Tutta l’assemblea tacque e stettero ad ascoltare Bàrnaba e Paolo che riferivano quali grandi segni e prodigi Dio aveva compiuto tra le nazioni per mezzo loro.
Quando essi ebbero finito di parlare, Giacomo prese la parola e disse: «Fratelli, ascoltatemi. Simone ha riferito come fin da principio Dio ha voluto scegliere dalle genti un popolo per il suo nome. Con questo si accordano le parole dei profeti, come sta scritto: “Dopo queste cose ritornerò e riedificherò la tenda di Davide, che era caduta; ne riedificherò le rovine e la rialzerò, perché cerchino il Signore anche gli altri uomini e tutte le genti sulle quali è stato invocato il mio nome, dice il Signore, che fa queste cose, note da sempre”. Per questo io ritengo che non si debbano importunare quelli che dalle nazioni si convertono a Dio, ma solo che si ordini loro di astenersi dalla contaminazione con gli idoli, dalle unioni illegittime, dagli animali soffocati e dal sangue. Fin dai tempi antichi, infatti, Mosè ha chi lo predica in ogni città, poiché viene letto ogni sabato nelle sinagoghe».
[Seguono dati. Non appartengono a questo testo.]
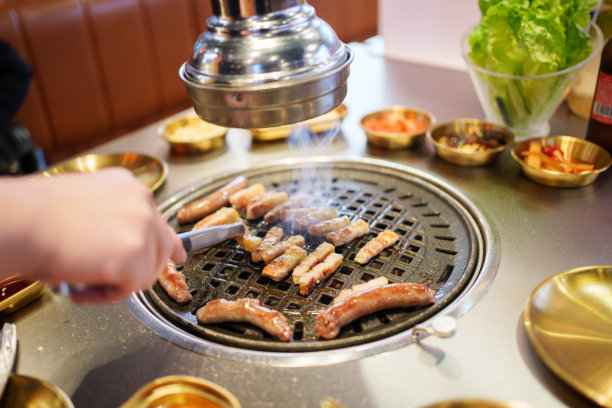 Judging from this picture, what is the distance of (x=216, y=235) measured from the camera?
170 centimetres

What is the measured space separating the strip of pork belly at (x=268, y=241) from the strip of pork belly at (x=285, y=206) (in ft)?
0.22

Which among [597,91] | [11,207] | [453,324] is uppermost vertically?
[11,207]

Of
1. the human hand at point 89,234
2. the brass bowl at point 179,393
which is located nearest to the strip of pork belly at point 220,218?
the brass bowl at point 179,393

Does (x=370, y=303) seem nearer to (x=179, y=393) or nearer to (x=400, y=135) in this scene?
(x=179, y=393)

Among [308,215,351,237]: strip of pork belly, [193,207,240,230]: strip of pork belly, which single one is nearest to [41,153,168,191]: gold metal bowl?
[193,207,240,230]: strip of pork belly

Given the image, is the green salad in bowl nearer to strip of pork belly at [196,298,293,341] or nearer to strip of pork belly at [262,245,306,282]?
strip of pork belly at [262,245,306,282]

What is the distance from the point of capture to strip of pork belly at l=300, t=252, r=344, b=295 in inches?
62.6

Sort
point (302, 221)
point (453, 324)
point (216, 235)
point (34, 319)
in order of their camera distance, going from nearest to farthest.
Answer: point (453, 324) → point (34, 319) → point (216, 235) → point (302, 221)

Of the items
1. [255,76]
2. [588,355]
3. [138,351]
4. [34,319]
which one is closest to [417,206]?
[588,355]

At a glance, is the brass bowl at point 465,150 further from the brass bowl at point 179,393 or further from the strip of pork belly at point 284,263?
the brass bowl at point 179,393

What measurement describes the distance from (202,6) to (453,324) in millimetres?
4592

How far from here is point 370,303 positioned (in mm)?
1457

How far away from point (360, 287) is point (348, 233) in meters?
0.29

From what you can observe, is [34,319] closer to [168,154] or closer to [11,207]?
[11,207] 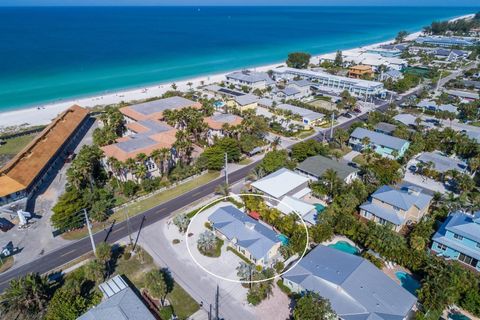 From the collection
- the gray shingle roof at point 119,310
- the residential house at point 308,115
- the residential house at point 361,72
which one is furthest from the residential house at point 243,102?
the gray shingle roof at point 119,310

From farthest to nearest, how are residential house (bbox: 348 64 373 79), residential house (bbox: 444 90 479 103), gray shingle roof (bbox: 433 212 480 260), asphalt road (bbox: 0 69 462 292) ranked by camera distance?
residential house (bbox: 348 64 373 79) < residential house (bbox: 444 90 479 103) < asphalt road (bbox: 0 69 462 292) < gray shingle roof (bbox: 433 212 480 260)

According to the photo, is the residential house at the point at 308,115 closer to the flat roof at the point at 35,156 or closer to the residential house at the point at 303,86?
the residential house at the point at 303,86

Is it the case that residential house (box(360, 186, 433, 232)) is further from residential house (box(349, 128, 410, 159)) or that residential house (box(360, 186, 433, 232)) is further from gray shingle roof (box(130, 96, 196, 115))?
gray shingle roof (box(130, 96, 196, 115))

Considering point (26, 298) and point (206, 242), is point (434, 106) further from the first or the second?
point (26, 298)

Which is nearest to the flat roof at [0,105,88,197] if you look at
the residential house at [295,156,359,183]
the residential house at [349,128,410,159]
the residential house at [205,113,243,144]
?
the residential house at [205,113,243,144]

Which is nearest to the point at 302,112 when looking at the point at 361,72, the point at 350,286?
the point at 361,72

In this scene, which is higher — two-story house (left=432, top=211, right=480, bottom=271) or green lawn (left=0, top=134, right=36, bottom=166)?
two-story house (left=432, top=211, right=480, bottom=271)
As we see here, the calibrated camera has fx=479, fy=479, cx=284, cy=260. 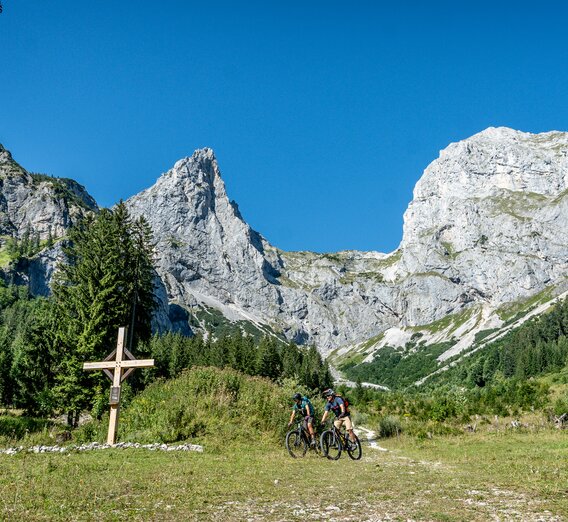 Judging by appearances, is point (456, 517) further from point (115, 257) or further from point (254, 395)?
point (115, 257)

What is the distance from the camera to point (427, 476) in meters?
12.8

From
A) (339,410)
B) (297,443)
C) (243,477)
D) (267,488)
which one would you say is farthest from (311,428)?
(267,488)

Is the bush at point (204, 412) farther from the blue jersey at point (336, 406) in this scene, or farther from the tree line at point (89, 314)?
the tree line at point (89, 314)

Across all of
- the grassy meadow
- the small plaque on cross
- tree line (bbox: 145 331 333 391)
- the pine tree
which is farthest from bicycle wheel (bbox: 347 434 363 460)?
tree line (bbox: 145 331 333 391)

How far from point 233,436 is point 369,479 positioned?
8.38 metres

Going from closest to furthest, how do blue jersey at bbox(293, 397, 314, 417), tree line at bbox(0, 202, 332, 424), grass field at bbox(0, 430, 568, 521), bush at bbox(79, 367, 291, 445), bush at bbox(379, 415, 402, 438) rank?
grass field at bbox(0, 430, 568, 521)
blue jersey at bbox(293, 397, 314, 417)
bush at bbox(79, 367, 291, 445)
tree line at bbox(0, 202, 332, 424)
bush at bbox(379, 415, 402, 438)

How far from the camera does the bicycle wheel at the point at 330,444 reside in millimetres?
17641

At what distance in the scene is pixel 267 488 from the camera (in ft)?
34.4

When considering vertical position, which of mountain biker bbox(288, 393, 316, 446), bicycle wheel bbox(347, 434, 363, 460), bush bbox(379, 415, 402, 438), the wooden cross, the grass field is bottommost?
bush bbox(379, 415, 402, 438)

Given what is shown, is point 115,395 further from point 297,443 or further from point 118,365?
point 297,443

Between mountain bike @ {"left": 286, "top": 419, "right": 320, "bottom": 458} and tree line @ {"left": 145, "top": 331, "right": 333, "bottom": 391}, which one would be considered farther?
tree line @ {"left": 145, "top": 331, "right": 333, "bottom": 391}

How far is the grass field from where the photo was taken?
7.76 m

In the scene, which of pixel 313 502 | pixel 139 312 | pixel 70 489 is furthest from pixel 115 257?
pixel 313 502

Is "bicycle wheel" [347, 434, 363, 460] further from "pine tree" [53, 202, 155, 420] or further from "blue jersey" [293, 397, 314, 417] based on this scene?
"pine tree" [53, 202, 155, 420]
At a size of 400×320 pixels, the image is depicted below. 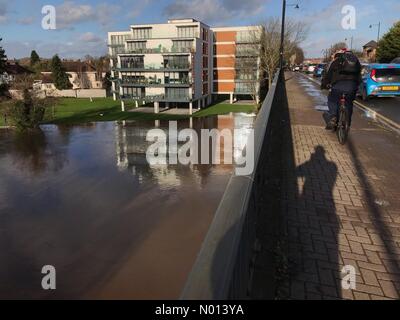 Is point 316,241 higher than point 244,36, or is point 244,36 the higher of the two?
point 244,36

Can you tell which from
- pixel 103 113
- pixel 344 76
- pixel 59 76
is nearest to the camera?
pixel 344 76

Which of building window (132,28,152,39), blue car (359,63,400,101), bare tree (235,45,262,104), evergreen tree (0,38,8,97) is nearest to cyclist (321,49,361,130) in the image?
blue car (359,63,400,101)

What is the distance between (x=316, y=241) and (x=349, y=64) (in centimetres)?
497

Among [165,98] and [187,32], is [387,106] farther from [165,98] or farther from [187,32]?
[187,32]

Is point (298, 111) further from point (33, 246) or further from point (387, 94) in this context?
point (33, 246)

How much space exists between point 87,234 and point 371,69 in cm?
1785

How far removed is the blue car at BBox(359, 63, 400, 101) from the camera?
16.3 metres

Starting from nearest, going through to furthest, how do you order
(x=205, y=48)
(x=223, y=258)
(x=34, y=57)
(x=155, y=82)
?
(x=223, y=258)
(x=155, y=82)
(x=205, y=48)
(x=34, y=57)

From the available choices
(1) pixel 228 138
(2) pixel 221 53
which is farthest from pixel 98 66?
(1) pixel 228 138

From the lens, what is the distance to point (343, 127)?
8195mm

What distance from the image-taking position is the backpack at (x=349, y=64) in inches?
287

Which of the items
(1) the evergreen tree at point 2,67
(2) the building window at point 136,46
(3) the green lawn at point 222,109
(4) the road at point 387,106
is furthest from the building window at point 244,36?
(4) the road at point 387,106

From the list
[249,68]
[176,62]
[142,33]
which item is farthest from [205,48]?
[142,33] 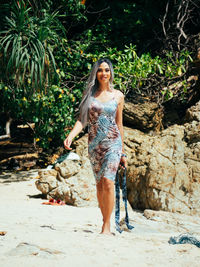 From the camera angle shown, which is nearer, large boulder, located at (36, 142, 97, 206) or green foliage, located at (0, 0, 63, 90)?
large boulder, located at (36, 142, 97, 206)

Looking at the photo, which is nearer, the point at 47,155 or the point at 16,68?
the point at 16,68

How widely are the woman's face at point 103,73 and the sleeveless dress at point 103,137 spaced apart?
0.69ft

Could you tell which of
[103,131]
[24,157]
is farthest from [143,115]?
[103,131]

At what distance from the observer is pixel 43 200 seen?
19.7ft

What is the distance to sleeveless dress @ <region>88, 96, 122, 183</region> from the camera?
3459 mm

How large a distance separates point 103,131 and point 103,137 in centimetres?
6

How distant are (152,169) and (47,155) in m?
4.07

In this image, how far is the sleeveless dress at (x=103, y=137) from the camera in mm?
3459

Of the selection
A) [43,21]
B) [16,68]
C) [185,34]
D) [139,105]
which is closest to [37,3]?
[43,21]

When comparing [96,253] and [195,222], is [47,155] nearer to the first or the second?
[195,222]

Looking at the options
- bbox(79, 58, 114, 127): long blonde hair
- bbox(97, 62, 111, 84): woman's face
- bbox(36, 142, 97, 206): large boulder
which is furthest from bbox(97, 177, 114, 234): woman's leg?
bbox(36, 142, 97, 206): large boulder

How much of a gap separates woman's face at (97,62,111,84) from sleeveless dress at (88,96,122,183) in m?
0.21

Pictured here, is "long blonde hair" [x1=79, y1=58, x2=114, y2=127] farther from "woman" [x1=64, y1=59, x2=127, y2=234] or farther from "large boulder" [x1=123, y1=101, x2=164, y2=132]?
"large boulder" [x1=123, y1=101, x2=164, y2=132]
1. IN VIRTÙ DI CHE COSA SIAMO SALVATI? Pietro lo domanda all'assemblea. Se in virtù della legge, allora perché abbiamo ascoltato e creduto nel Cristo? NOI ABBIAMO SCOPERTO LA SALVEZZA CON IL CRISTO. QUESTA GRAZIA L'HANNO RICEVUTA ANCHE I PAGANI e quindi è questa che salva non l'osservanza delle regole…

2. L'autorità più conservatrice, più legata alla tradizione giudaica era Giacomo. Lui aveva grosse difficoltà ad accettare l'apertura ai non Giudei. IL PIÙ CONSERVATORE DEL GRUPPO DI GERUSALEMME È DISPONIBILE ALL'APERTURA anche se pone una condizione. E LO FA CITANDO LE SCRITTURE, IL LIBRO DI AMOS…

3. LA RISPOSTA AI PROBLEMI VIENE CERCATA NELLE SCRITTURE CON UNO SFORZO INTERPRETATIVO, cercando di coglierne il senso delle antiche parole. SOLO IN QUESTO TESTO, GLI APOSTOLI RITENGONO DI POTER TROVARE LA RISPOSTA AI LORO PROBLEMI CONTINGENTI E ATTUALI. E si arriva alla conclusione ponendo una condizione fondata sul rispetto… Si ritrova L’UNITÀ…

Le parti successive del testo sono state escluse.